Das entscheidet der Wähler. Aber dass ich meinen Kollegen Markus Ulbig unterstütze, liegt nahe. Wir schätzen uns. Ich habe mich gefreut, dass er als OB-Kandidat antritt.

6 Jahre und 6 Monate Rathaus-Chefin Helma Orosz

Offen und direkt im Gespräch mit den Dresdnern: die Stadtchefin bei der Juni-Flut 2013 in Laubegast.
Offen und direkt im Gespräch mit den Dresdnern: die Stadtchefin bei der Juni-Flut 2013 in Laubegast.

IHRE TOPS:

+Ihr unbedingter Wille: beim Gestaltenwollen für die Stadt und vor allem beim Kampf gegen ihre Krankheit.

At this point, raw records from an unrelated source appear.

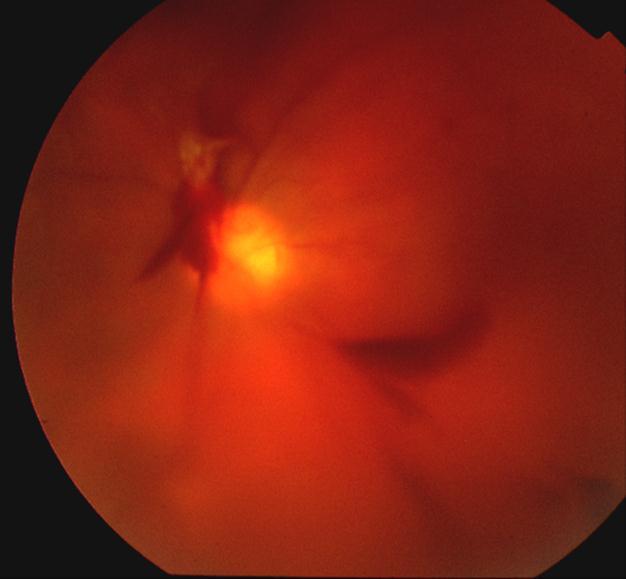 Optic disc (NVD)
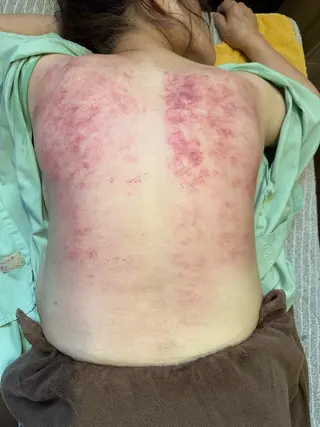 鍼灸院楽々館所属・宇田 碧のエステ・リラクイメージ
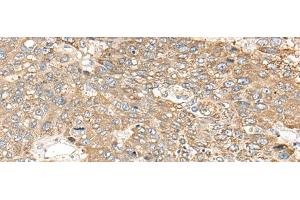 Immunohistochemistry of paraffin-embedded Human liver cancer tissue using C1orf101 Polyclonal Antibody at dilution of 1:65(x200)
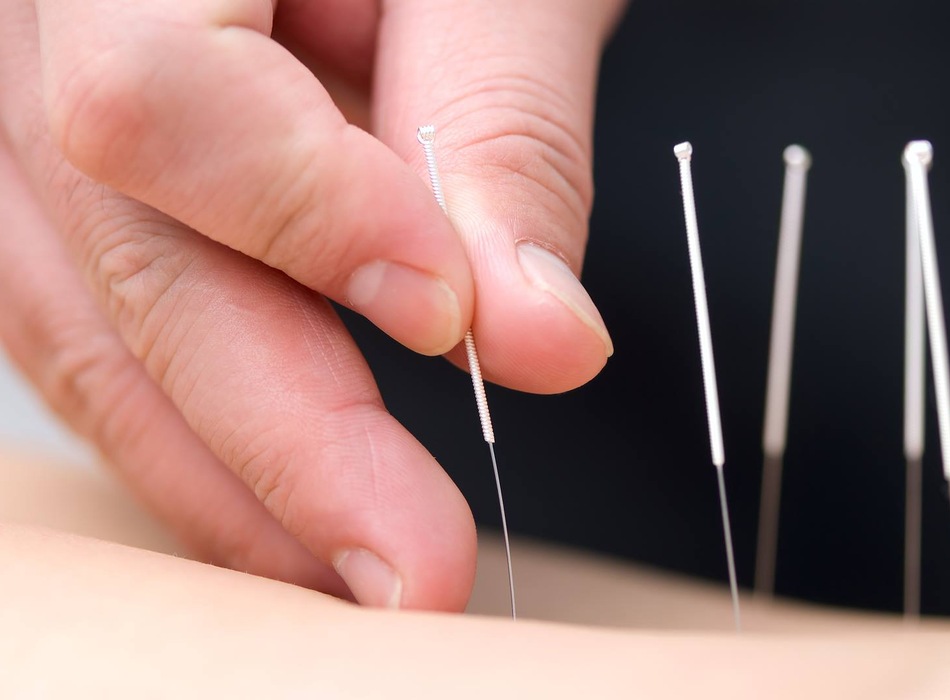 Điện châm chữa viêm quanh khớp vai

+Die OB war immer volksnah, hat ein offenes und herzliches Wesen.

+Die Menschenkette, die sie 2009 initiierte, 2010 zum ersten Mal stattfand und in diesem Jahr ein großer Erfolg war.

+Projekte wie Umbau Kulturpalast und Kulturkraftwerk Mitte.

IHRE FLOPS:

- Ihr bonbonfarbenes Kostüm beim Besuch des US-Präsidenten Obama 2009. Augen-Aua!

- Sie konnte den Verlust des Welterbe-Titels für den Bau der Waldschlößchenbrücke nicht verhindern.

- Der peinliche Versuch, Wolfram Köhler als Dresdens „Super- Manager“ für Messe und Sport zu etablieren. Scheiterte an einer dürftigen Stadtrats-Vorlage.

- Wegen Rathaus-Schlampereien musste sie mehrfach den Kopf hinhalten

- Anfragen von Stadträten wurden viel zu spät beantwortet.

Ihr bonbonfarbenes Kleid beim Besuch von US-Präsident Obama sorgte für Aufsehen.
Ihr bonbonfarbenes Kleid beim Besuch von US-Präsident Obama sorgte für Aufsehen.